Building a low cost investment portfolio of Index Funds

Tracking an investment portfolio of index fundsAt the core of my plan for gaining Financial Independence will be an investment portfolio consisting of low cost passively managed index funds. Index funds basically aim to track the performance of the stock market. They are not actively managed funds which aim to beat the market and can be very costly.

Here I will outline the steps to take in order to construct an efficient, low maintenance, passively managed investment portfolio. My own portfolio is based on this strategy. The portfolio has managed an annualised return of about 15% since inception in June 2014.

Step 1 – Determine your asset allocation

Asset allocation is the proportion of stocks to bonds within the portfolio. Stocks are riskier than bonds and consequently have a higher return. The general rule is to allocate your age in bonds so that your portfolio will become less risky as you approach retirement. For example, a 35 year old will have a portfolio consisting of 65% stocks and 35% bonds. This can be adjusted according to your risk tolerance.

My portfolio is on the aggressive side and has a 80% stock and 20% bond mix. The charts below show comparisons of 50% stock/ 50% bond with a 80% stock/ 20% UK based portfolio. A 15 year period from the year 2000 is used. A useful tool for determining asset allocation according to age and risk tolerance is available here

50% Stock 50% Bond Portfolio performance graph

Conservative 50% Stock 50% Bond Portfolio

80% Stock 20% Bond Portfolio performance graph

Aggressive 80% Stock 20% Bond Portfolio

The more conservative asset allocation was affected less by market downturns and had lower volatility but had lower returns over the long term. During the worst year (2008) the 50/50 portfolio lost about 12% compared to 23% for the 80/20 portfolio.

However, investors in the 80/20 portfolio could have taken advantage of low prices to buy more stocks in 2008 and seen bigger gains in 2009. As Warren Buffet said “Whether we’re talking about socks or stocks, I like buying quality merchandise when it is marked down.”

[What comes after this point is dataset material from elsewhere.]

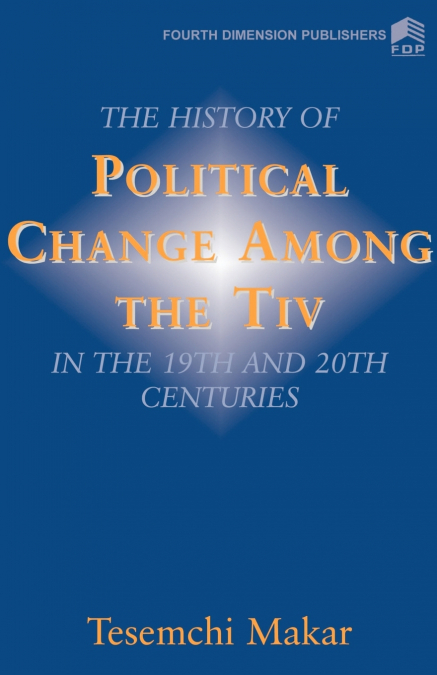 The History of Political Change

Step 2 – Identify an investment platform with low management fees

An investment platform or fund supermarket enables you to find and purchase a wide range of investment products. Some platforms also allow the purchasing of single company stocks. A number of platforms are available which have different fee structures depending on aspects such as total value of investments held and type of investments.

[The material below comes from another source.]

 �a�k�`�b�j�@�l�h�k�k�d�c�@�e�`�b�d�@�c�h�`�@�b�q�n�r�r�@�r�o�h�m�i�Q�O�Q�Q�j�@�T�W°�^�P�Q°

It is crucial to identify the lowest cost platform according to your situation and hold the lowest cost funds on it. The amount of platform and fund fees can have a dramatic impact on overall returns over a long period as shown in the illustrations below. Over 25 years an investment with high charges of 2.51% will lose over half of its returns while a lower cost investment of 0.39% will lose just 10%.

Graph showing the impact of expenses on a high cost investment portfolio

Impact of expenses on a high cost investment portfolio

Graph showing the impact of costs on a low cost investment portfolio

Impact of costs on a low cost investment portfolio

Step 3 – Buy funds funds to suit asset allocation and diversification targets

Asset Allocation

Once the investment platform is chosen, the next step is choose the appropriate funds according to asset allocation. I use and recommend Vanguard index funds because they are usually the lowest cost funds, are able to closely track their respective stock indices and I believe in Vanguard’s principles of valuing the investor. Since 1976, fees on Vanguard funds have gone down to 0.12% from 0.70%. In comparison, fees across other mutual funds are typically around 1%. A video demo showing how index funds can be found and analysed can be viewed on my Youtube channel here.

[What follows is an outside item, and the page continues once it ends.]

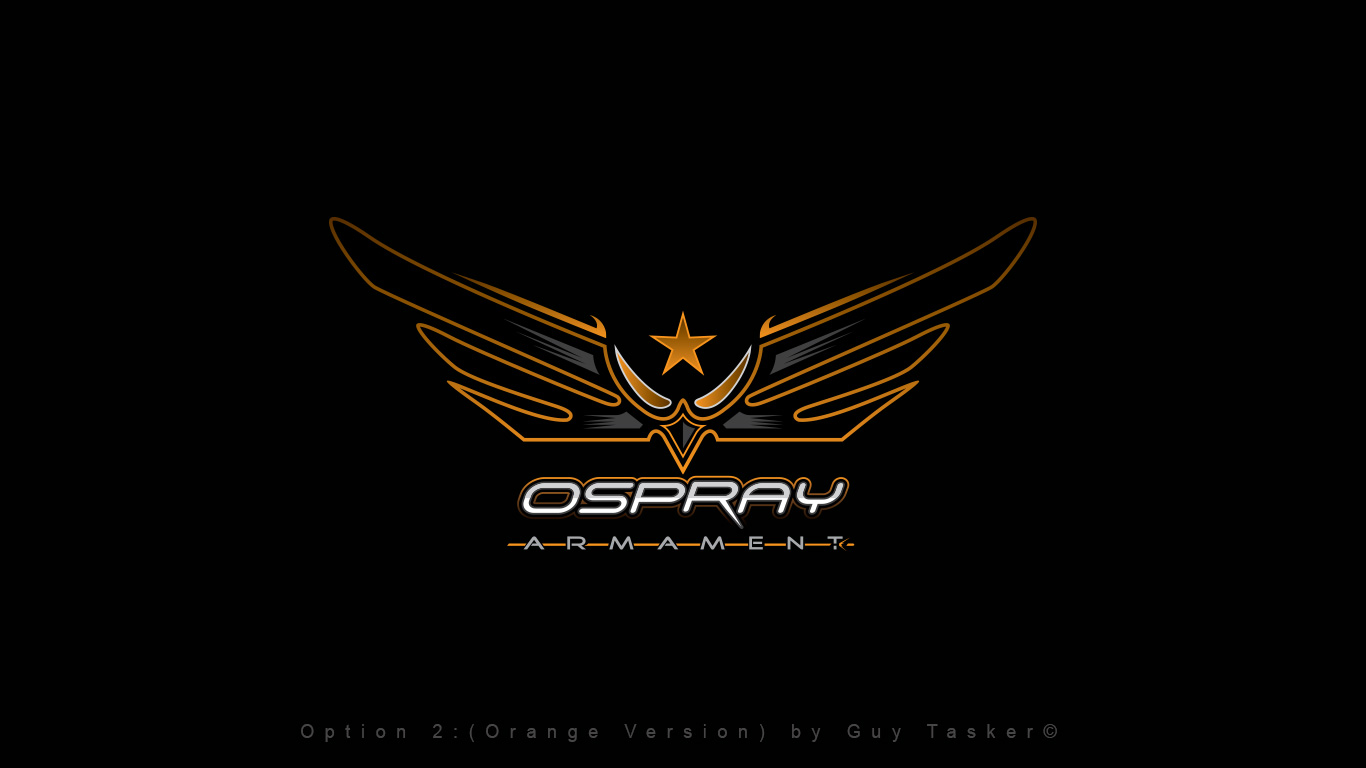 Cool Graphic Design Logos Cool Graphic Design Logos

Diversification of the portfolio is important because it ensures that when one particular asset is underperforming, overall portfolio performance would be impacted less. In addition, diversification allows the capturing of higher returns of an asset which would otherwise have not been held. My principle is to diversify globally by holding funds that generally represent the global economy. This is referred to as a slice and dice portfolio. My target allocations are shown in the following table.

USA index fundStocks30%
UK index fundStocks15%
Developed Europe index fundStocks15%
Japan index fundStocks10%
Pacific ex-Japan index fundStocks10%
UK government bond index fundBonds 20%

Step 4 – Make regular contributions to portfolio

The final step is to make regular contributions (dollar or pound cost averaging) by buying the your chosen funds in their proportions. I recommend doing this monthly by setting up a monthly savings plan. Investment platforms allow this to be done, automating the whole process. Plan ahead to determine how much you can invest per month and adjust the payments accordingly.

Once the portfolio is up and running it will need to be rebalanced when needed to maintain the target asset allocation. That will be the subject of other posts.

Above are the simple steps that I have taken to build an investment portfolio of index funds that is easy to maintain and has relatively high returns.